In the listing that follows, locate the line containing "Le querce felici - Image 1" and the line containing "人武部官兵參加植樹。陳春志攝". Retype exactly those two lines and every line between them, and nothing more.

Extracted material ->
● ● ● ● ● ● ●

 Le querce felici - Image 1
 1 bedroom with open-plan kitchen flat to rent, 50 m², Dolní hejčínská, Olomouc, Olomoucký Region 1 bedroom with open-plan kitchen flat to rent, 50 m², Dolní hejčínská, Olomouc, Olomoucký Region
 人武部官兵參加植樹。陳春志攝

● ● ● ● ● ● ●

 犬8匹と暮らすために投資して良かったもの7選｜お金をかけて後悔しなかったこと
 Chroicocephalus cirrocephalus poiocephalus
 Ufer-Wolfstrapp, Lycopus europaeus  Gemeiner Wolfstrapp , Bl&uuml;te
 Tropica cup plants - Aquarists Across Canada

● ● ● ● ● ● ●

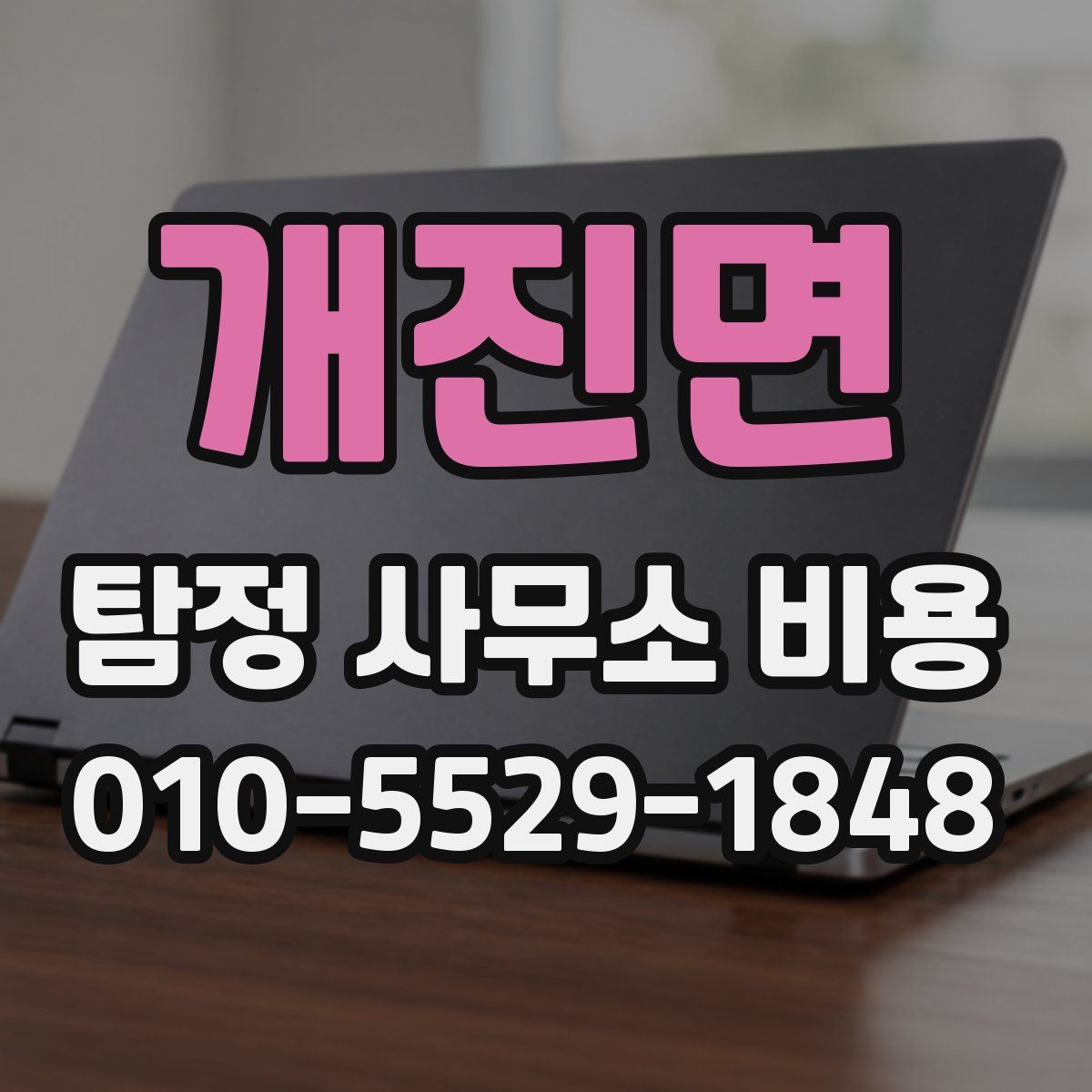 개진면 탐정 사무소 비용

● ● ● ● ● ● ●

Solved problem ->
 Le querce felici - Image 1
 1 bedroom with open-plan kitchen flat to rent, 50 m², Dolní hejčínská, Olomouc, Olomoucký Region 1 bedroom with open-plan kitchen flat to rent, 50 m², Dolní hejčínská, Olomouc, Olomoucký Region
 人武部官兵參加植樹。陳春志攝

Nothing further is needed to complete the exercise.